Kris Polly: What are other top issues for the district?
Aaron Dalling: Something we’re always working on, and that has been an issue ever since the failure of the Teton Dam, is managing irrigation on the Teton River. It seems to have become an even bigger challenge over the past few years. The upper waters of the Teton River are just across the mountain from Jackson Hole, Wyoming, and the town has started to sprawl into the Teton Valley on the Idaho side. Historically, a lot of that area was flood irrigated. The farmers there had junior water rights, but they would flood irrigate during high water in the spring.
That water would recharge the aquifer and slowly make its way back to the river late in the summer. A lot of that ground has now been developed and is no longer irrigated, so the water comes down the river in the spring and we don’t see it again.
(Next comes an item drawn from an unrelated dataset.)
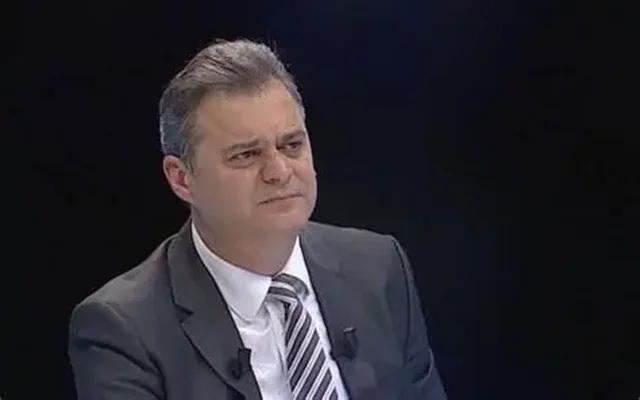 Libri &euml;sht&euml; problem komb&euml;tar, jemi n&euml; pandemin&euml; e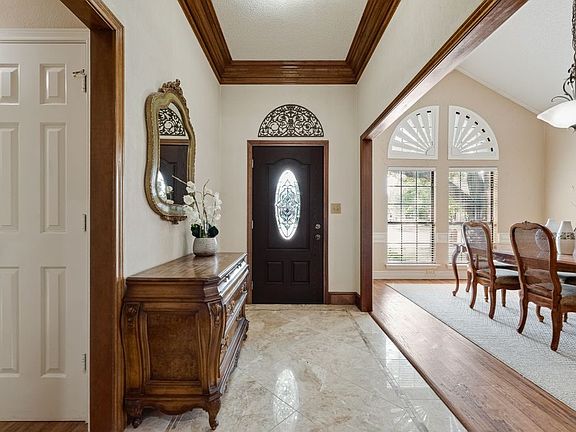 3rd image of 1229 Edgewood Ln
When late summer comes, that water is long gone, so the late summer flows in the Teton have diminished. The only means we have to deliver storage water to the Teton River is through the Cross-Cut Canal. It delivers water from the Henrys Fork and can be used to pull storage water from Island Park Reservoir and Grassy Lake Reservoir and send it to the Teton River, but it hasn’t always been adequate over the last several years. One of our biggest ongoing issues is trying to figure out a way to better manage the Teton River.
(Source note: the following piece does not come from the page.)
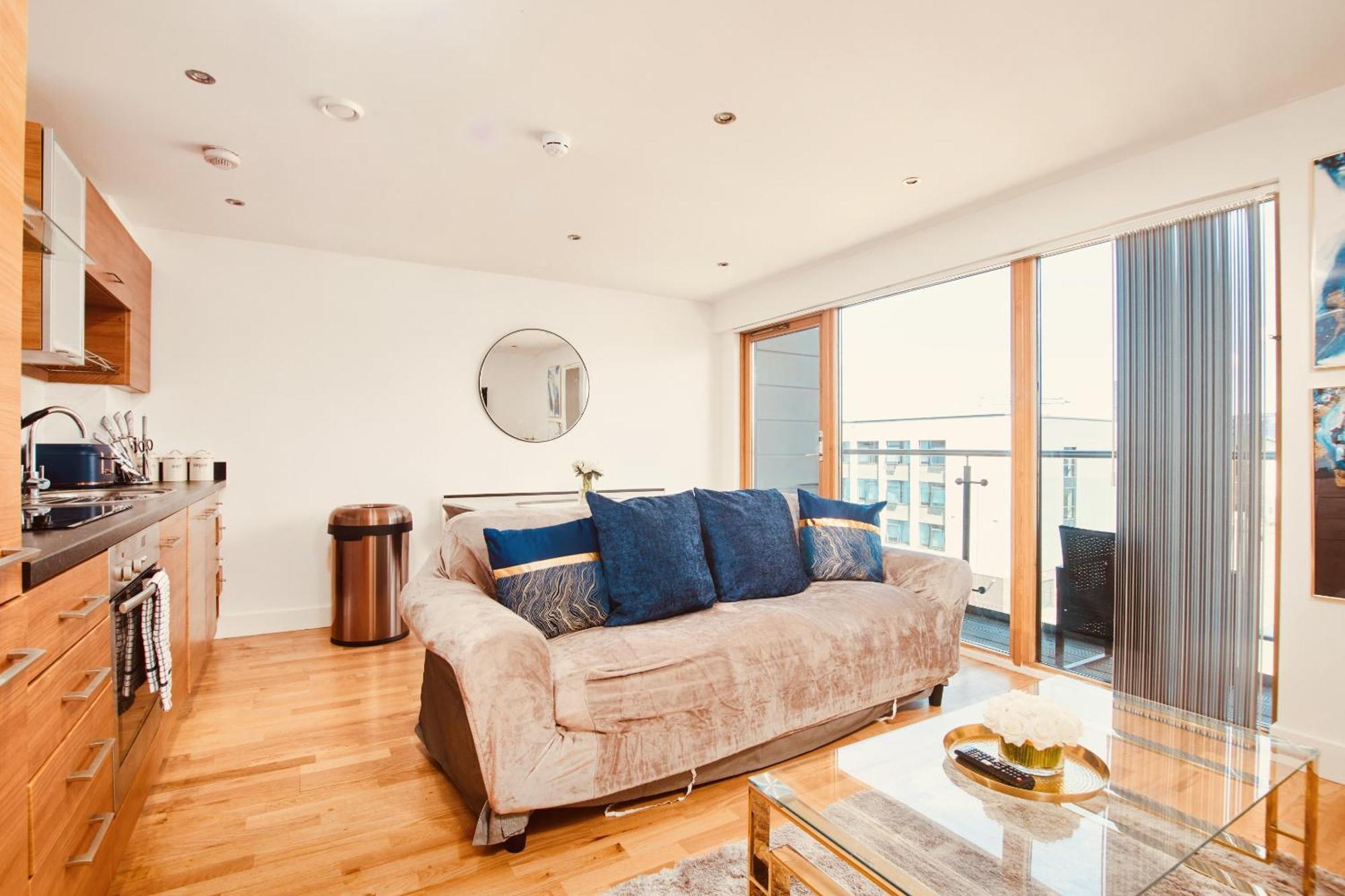 King Deluxe City Apt Large Space& Free Parking! No Balcony Λιντς Εξωτερικό φωτογραφία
Kris Polly: Tell us about the Marysville pipeline being installed in your area.
Aaron Dalling: The Marysville Canal Company has been installing gravity-pressured pipelines for several years to replace earthen canals. There are 5 phases to the project: 3 have been installed and the 4th phase is going in now and should be done by June 1. There will be one more after that. To date, they have installed over 30 miles of pipeline. This 4th phase will include close to 20 additional miles of pipeline. The pipelines range from 54 inches in diameter down to 4 inches at the end. The total cost of the 4th phase is about $11 million. Marysville Canal Company partnered with the Natural Resources Conservation Service and obtained some funding for the project through them. For the remaining portion, they have obtained a loan through the Idaho Water Resource Board, which they will repay over time.
The overall purpose of the pipeline is to conserve water in a leaky system and to save energy by eliminating several pumps. The whole area is underlain with basalt rock, which comes right up to the surface and contains a lot of fractures. Marysville Canal loses a lot of water as a result. This will really help.
Kris Polly: As a relatively new manager, what has been the most helpful thing you have learned?
Aaron Dalling: One thing I learned from Dale Swensen was to pay attention to the little things. There are so many things coming at you that it’s easy to miss the little things. If you can pay close attention to them, it will help you anticipate what might be coming next.